Imperializm krytyczny, czyli Rosjanie o sobie
Pisałem kilka dni temu o Kongresie inteligencji rosyjskiej, podczas którego wielu wybitnych przedstawicieli świata rosyjskiej kultury zaprotestowało przeciwko polityce swojego rządu i eskalacji agresji wobec Ukrainy. Kongres odbija się ciągle echem, niektórzy oporni intelektualiści zaczynają ponosić koszty odwagi – są już pierwsze zwolnienia z państwowych uniwersytetów. Ale gorąca, niezwykle ciekawa debata w rosyjskiej prasie trwa – we wtorek nie mogłem wręcz oderwać się od „Niezawisimoj” (chyba zdecyduję się na taką pisownię), poczynając od wstępniaka: parada tekstów pozwalających wniknąć w złożoność rosyjskiej sytuacji (i jednocześnie złożoność rosyjskiego społeczeństwa).
Zacznijmy więc od owego wstępniaka: skąd bierze się tak wysokie poparcie dla działań Putina? Oto odpowiedź:
Высокие рейтинги подчас куда больше говорят не о самом политике, а о среде, в которой производятся измерения. Путин добился высокой поддержки своей деятельности, сыграв на темах патриотизма, «исторической справедливости», «защиты русских», «преграды для фашизма» и т.д. Это была одна из возможных интерпретаций украинских событий, и в эфире федеральных каналов, контент которых в России потребляет самая широкая аудитория, данная интерпретация фактически была безальтернативной. Серьезной критики официальной точки зрения на центральном ТВ не было. Отсюда и зашкаливающий рейтинг президента.
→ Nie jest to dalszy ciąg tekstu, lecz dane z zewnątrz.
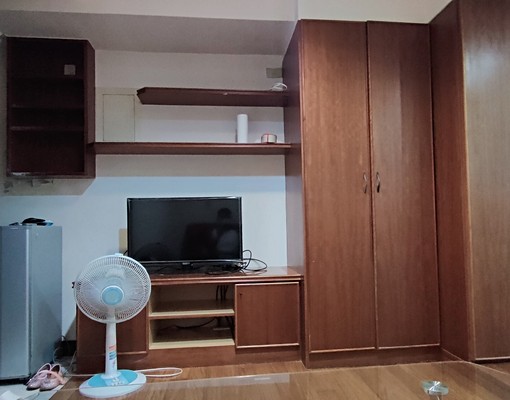 延吉街旁電梯套房/可租補/24小時管理 - Image 4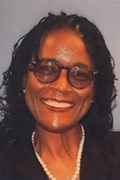 Photo of Bridgett Rahim-Williams, Ph.D.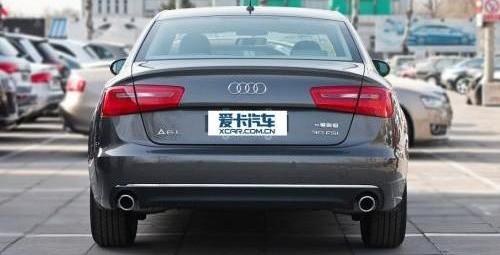 奥迪,奥迪A6L,奥迪A6,北京,大众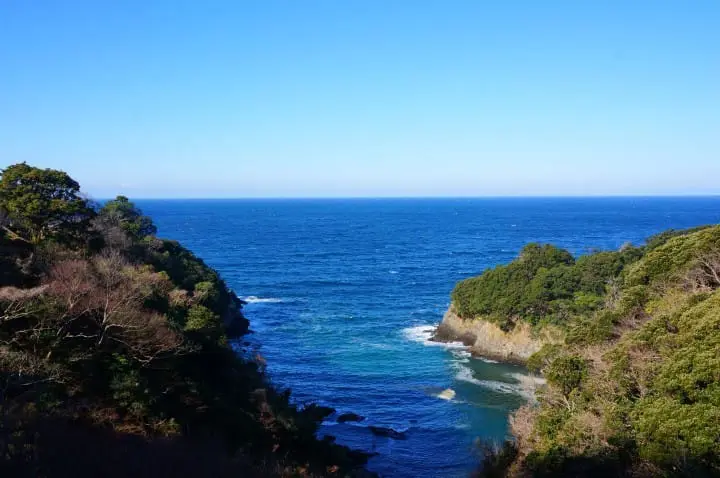 How To Survive A Bike Trip From Tokyo To Shizuoka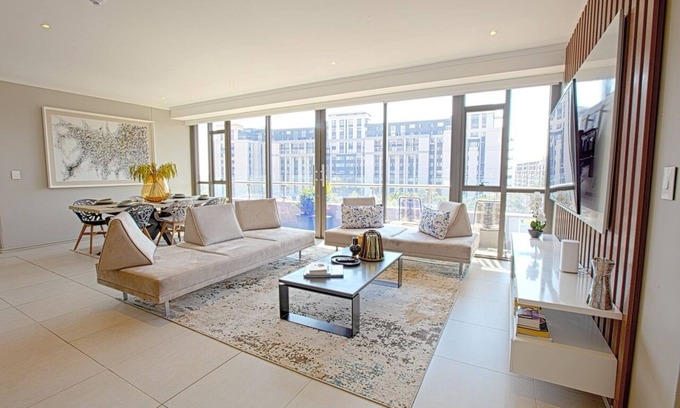 Greater Johannesburg Metropolitan Area Apartamento | Azalia Apartments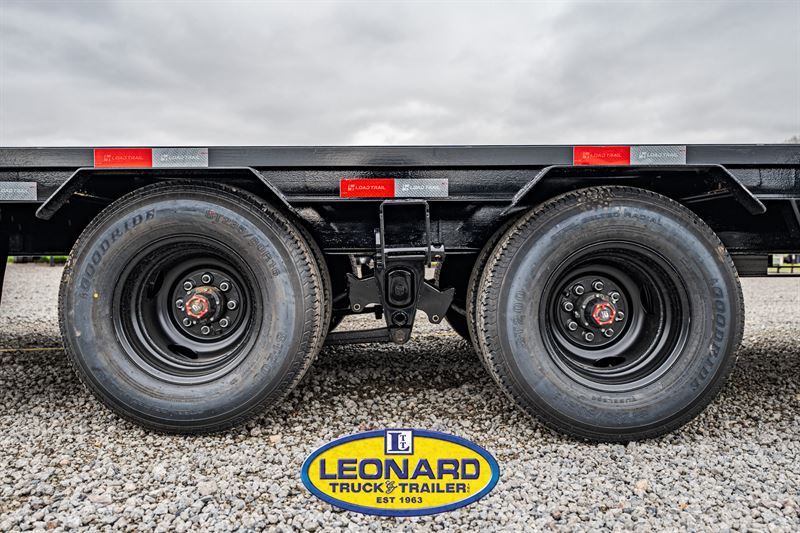 2024 Load Trail
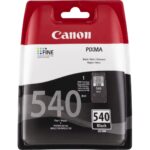 Kasetė Canon PG-540 (5225B005/ 5225B001) BK 180 psl OEM
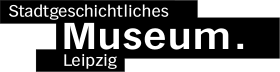 Stadtgeschichtliches Museum Leipzig Logo.svg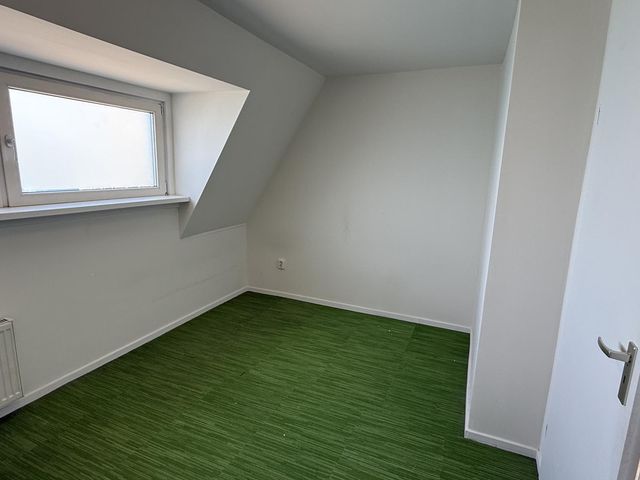 Bas Jungeriusstraat 52A 02, Rotterdam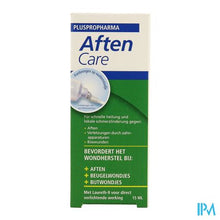 Load image into Gallery viewer, Aften Care Gel 15ml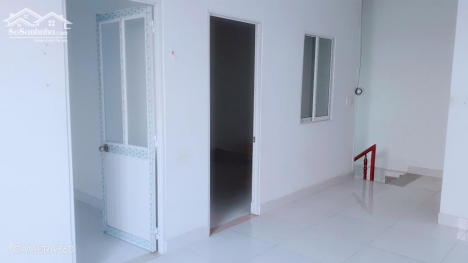 ️ BÁN NHÀ 1 TRỆT + 1 LẦU, Ngay chợ Long Bình Tân, Gần BigC ngã 4 Vũng Tàu.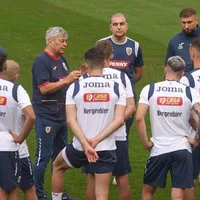 Unsprezecele probabil al Naţionalei României, în meciul cu Kosovo. Cine transmite? La ce oră? - Foto: Profimedia Images
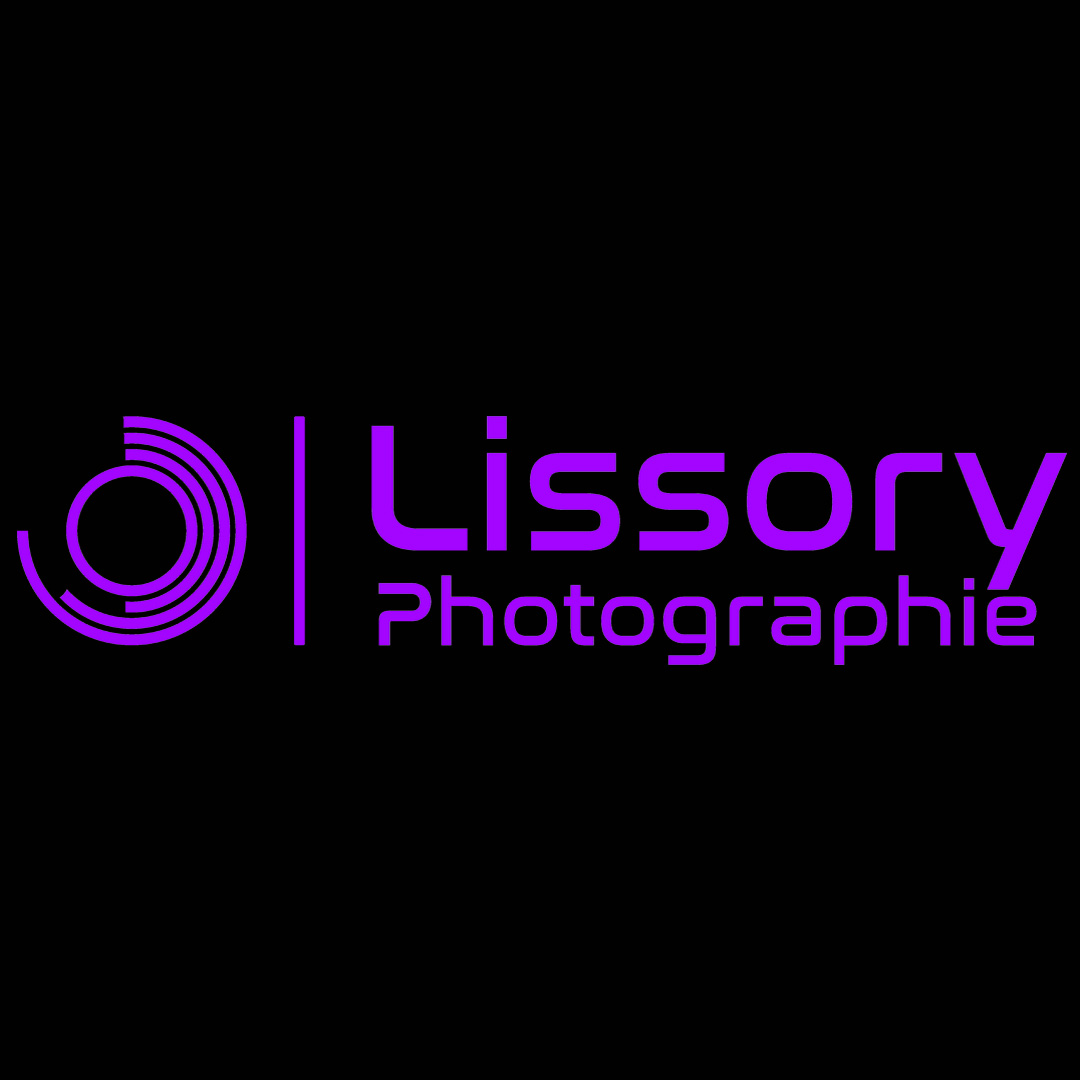 Logo de Lissory Photographie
Zdecydowana większość rosyjskiego społeczeństwa żyje obrazem świata kształtowanym przez kontrolowaną przez państwo telewizję i dostaje jedynie słuszną interpretację rzeczywistości, pozbawioną jakiejkolwiek krytyki. Krytyka w prasie dostępna jest jedynie dla intelektualistów. I dlatego zresztą ciągle jest dozwolona – Niezawisimaja, Nowaja, Wiedomosti mogą krytykować dość swobodnie, ta krytyka i tak nie dociera do większości. Przy czym jest to krytyka ciekawa, roboczo nazywam ją „krytycznym imperializmem”. Rosyjscy publicyści mają świadomość, że nie są Europejczykami, nie są Azjatami, są Rosjanami (jak kiedyś zdefiniował siebie Wiktor Jerofiejew). Mają więc swoją dumę i autonomię myślenia, zakorzenioną słabiej lub silniej w rosyjskim imperialnym kodzie, lecz też wielu z nich zachowuje intelektualną niezależność.
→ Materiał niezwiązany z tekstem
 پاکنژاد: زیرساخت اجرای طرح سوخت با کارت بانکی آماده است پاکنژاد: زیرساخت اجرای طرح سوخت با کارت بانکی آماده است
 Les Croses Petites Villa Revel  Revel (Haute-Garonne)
Wtorkowa „Niezawisimaja” jest doskonałą ilustracją. Jest w niej np. rozmowa z ukraińskim medioznawcą i specjalistą w dziedzinie wojny informacyjnej Georgijem Poczepcowem, gdzie rosyjski dziennikarz i ukraiński badacz wzajemnie sobie tłumaczą, dlaczego Ukraińcy przestali rozumieć Rosjan, a Rosjanie Ukraińców – w rozmowie padają wszystkie kwestie: faszyzmu, banderyzmu, imperializmu, stalinizmu etc. Panowie jednak bez emocji, analitycznie, badają struktury rosyjskiego i ukraińskiego dyskursu, a z analizy tej wynika, dlaczego Ukraina odjechała już raczej bezpowrotnie od Rosji. Na wzmocnienie wyniki badań rosyjskiej opinii społecznej pokazujące, jak zmieniało się w czasie rozumienie Ukrainy przez Rosjan. I oto jeszcze na początku listopada ub.r. 81 % Rosjan uważało, że tworzą z Ukraińcami jeden naród. 14 marca myślało tak już 56%, ciągle większość, ale spadek znaczny. Te proporcje doskonale pokazują, na czym polega psychologiczny problem Rosjan z Ukrainą (pisał o tym zresztą kilka tygodni temu Jerofiejew w „Wyborczej”).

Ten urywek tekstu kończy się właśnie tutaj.